… In all den Millionen von Jahren hat sich der Pratomagno dem Fluss standhaft widersetzt. So wird der Arno gezwungen, das ganze Casentino-Tal hinunter in südlicher Richtung um den Pratomagno herum zu fliessen, bevor er seinen Lauf zurück, nordwärts durch das Valdarno Richtung Meer nehmen kann. Einen Umweg von guten 110 km, den der Pratomagno dem armen Arno auferlegt.
Gegen den Pratomagno steht nicht nur der Arno auf verlorenem Posten, am 7. Januar 1933 scheiterte hier auch der Flugpionier Herbert John Louis (Bert) Hinkler. Er bezahlte dies mit seinem Leben. Hinkler, 1892 geboren, stammte aus Bundaberg in Queensland/Australien. Im 1. Weltkrieg diente er als Pilot in der britischen Royal Air Force. Nach dem Krieg betätigte er sich als Testpilot, Erfinder (erstes Wasserflugzeug) und Flugpionier (u.a. zweite Solo-Überfliegung des Atlantiks nach Charles Lindbergh). 1928 stellte er mit 15 ½ Tagen einen ersten Geschwindigkeitsrekord für die Flugstrecke von London nach Australien auf (Streckenplan dieses Fluges siehe unten). Der Rekord wurde danach unterboten, deswegen wollte er ihn Anfang 1933 zurückholen. Er startete im Morgengrauen des 7. Januar auf dem Flugplatz Feltham in London und überflog um ca. 11.00 Florenz. Allem Anschein nach geriet Hinkler mit seiner einmotorigen Puth Moss kurz darauf in einen Sturm und zerschellte an einer Flanke des Pratomagno. Die abgestürzte Maschine wurde erst am 27. April 1933 gefunden. Die Leiche Hinkler’s lag so neben dem Wrack, dass daraus geschlossen wurde, dass dieser den Absturz vorerst überlebt hatte. Zu seinen Ehren wurde am 1. Mai 1933 in Florenz ein Staatsbegräbnis abgehalten. Hinkler’s Grab befindet sich heute noch in dieser Stadt auf dem Friedhof «Cimitero degli Allori».

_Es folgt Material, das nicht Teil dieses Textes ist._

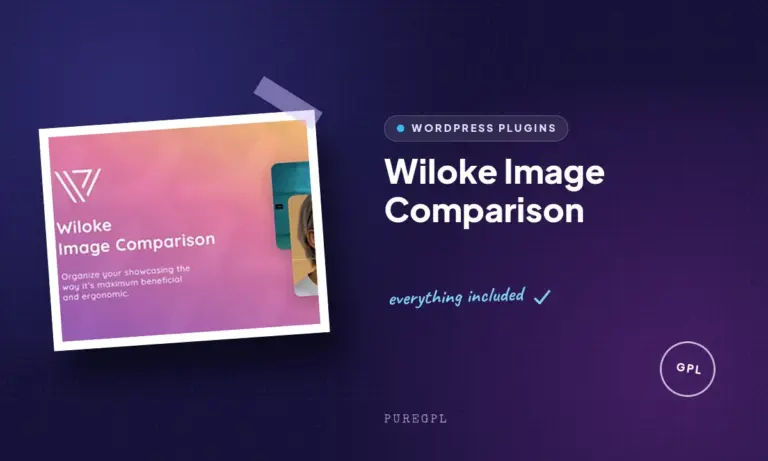wiloke image comparison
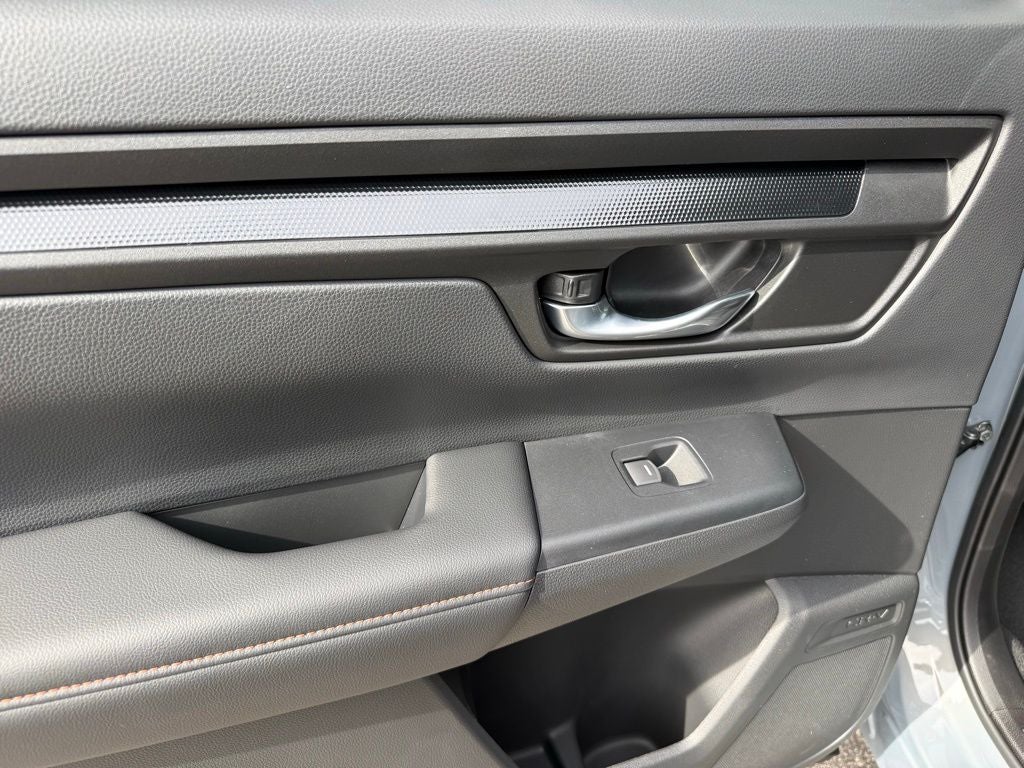 2026 Honda CR-V AWD Sport Hybrid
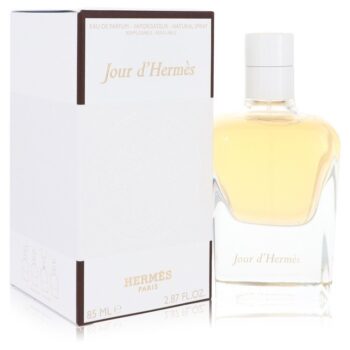 <span class="notranslate">HERMES JOUR D'HERMES</span> Eau De Parfum REFILLABLE 80 ml for Women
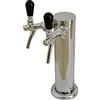 BrewZilla Colonnello per birra a 2 conduttori, incl. rubinetto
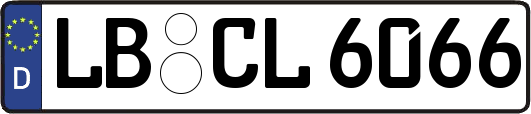 LB-CL6066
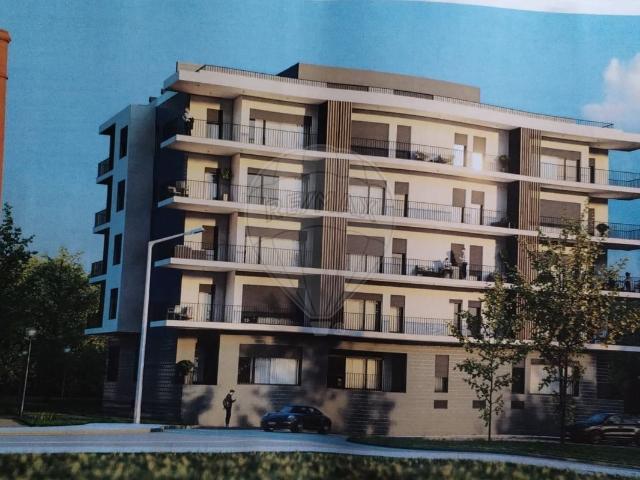Apartamento T2 à venda em Pombal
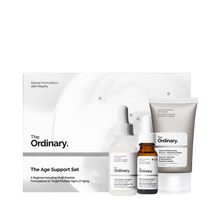 The Age Support Set Z2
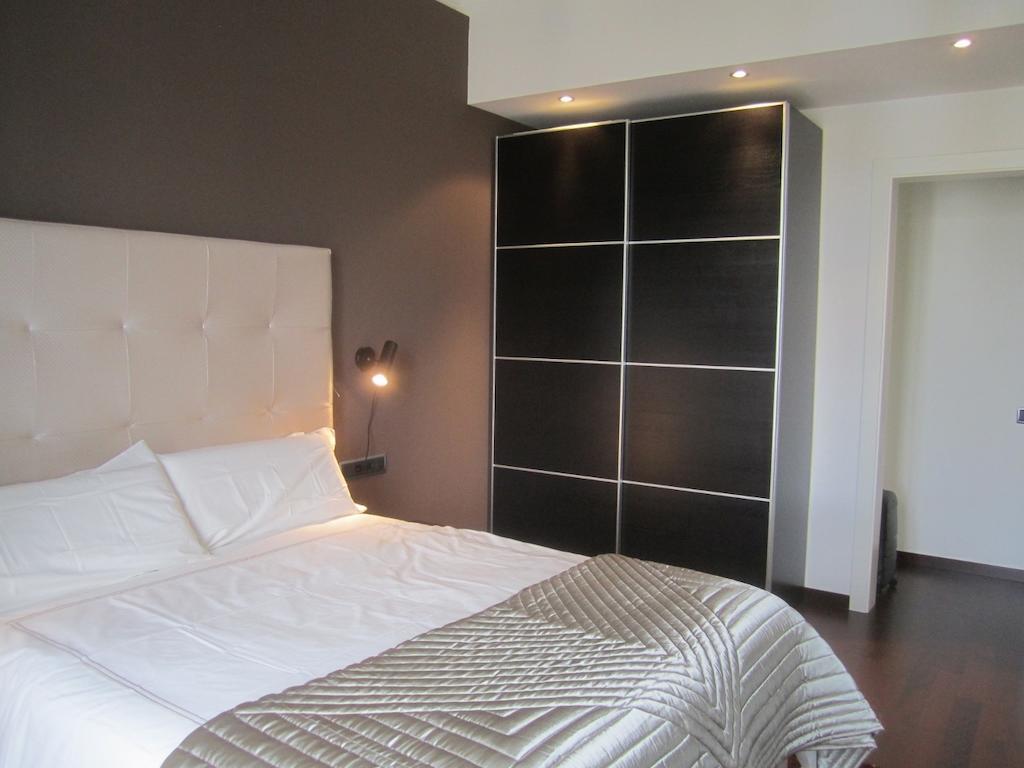 Bailen8 Barcelona Room photo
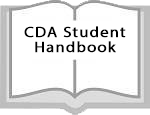CDA Student Handbook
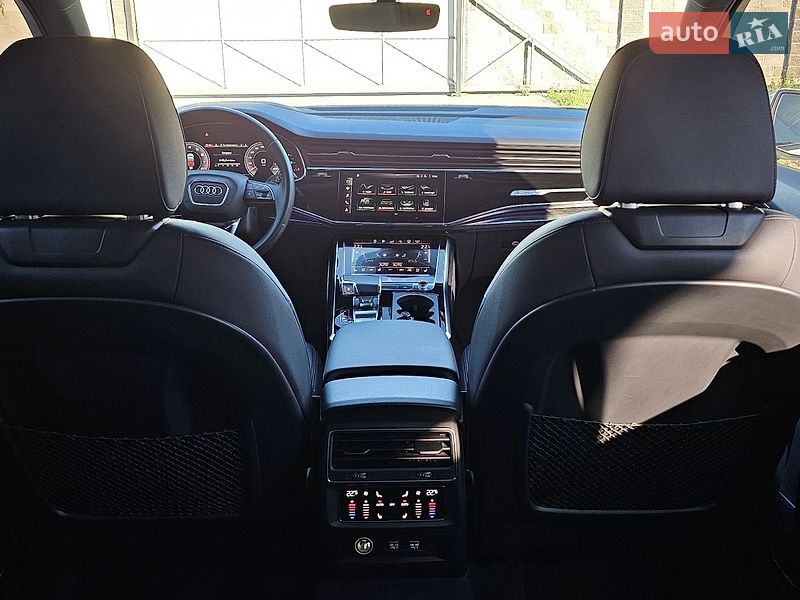 Позашляховик / Кросовер Audi Q7 2020 в Нововолинську фото 18 Позашляховик / Кросовер Audi Q7 2020 в Нововолинську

2015 hat die Alpenclub-Sektion von Arezzo auf dem Pratomagno einen «Hinkler-Gedenkweg» («Hinkler Ring»; «Percorso Hinkler») erstellt. Start- und Zielpunkt ist das gemütliche Ristorante «da Giocondo». Dieses liegt auf rund 1400 m ü. M. auf der Casentino-Talseite des Pratomagno. Der Weg zieht sich anfangs während rund 1 ½ Stunden durch reine Buchenwälder, vorerst abfallend und danach ziemlich stark ansteigend. Auf halbem Weg in diesem Streckenteil befindet sich das «Hinkler Memorial». Es besteht aus einer Gedenktafel an einem Basalt-Felsbrocken, der vom Strand in Bundaberg, wo der junge Bert Hinkler mit einem selbstgebauten Hängegleiter seine ersten Flugversuche machte, hierher transportiert wurde.
Hat man die Buchenwälder hinter sich gelassen, steigt es nochmals kurz an. Dann steht man auf der Krete des Pratomagno. Silberdisteln und Erika-Stäucher lassen einen vergessen, dass sich dieser Ort immer noch in der Toskana befindet. Der «Percorso Hinkler» verläuft nun nochmals für ca. 1 ½ Stunden auf der Krete hoch zum «Cippo Hinkler», einer älteren Gedenktafel, und zum Croce del Pratomagno. Von hier aus hat man eine atemberaubende Sicht in alle Richtungen. Weit unten sieht man die Gemeinden des Arno- und des Casentino-Tals. Wenn es nicht zu dunstig oder neblig ist, kann der Blick gar bis nach Florenz, zum Lago di Trasimeno oder Monte Amiata in der Südtoskana reichen. Das Bergkreuz ist ein beliebter Ausflugspunkt – Fotografendienste sind sehr gefragt!
Vom Croce del Pratomagno geht es nun wieder bergabwärts zum Ausgangspunkt. Nach knapp vier Stunden abwechslungsreiches Hinauf und Herunter ist der Durst und Hunger gross. Glücklicherweise wird man im Ristorante «da Giocondo» bestens versorgt … bei in dieser Höhenlage äusserst angenehmen Temperaturen. Zum Glück, denn der Propeller, mit dem hier auch der Royal Queensland Aeroclub noch ehrend beitragen will, könnte keine zusätzliche Kühlung verschaffen.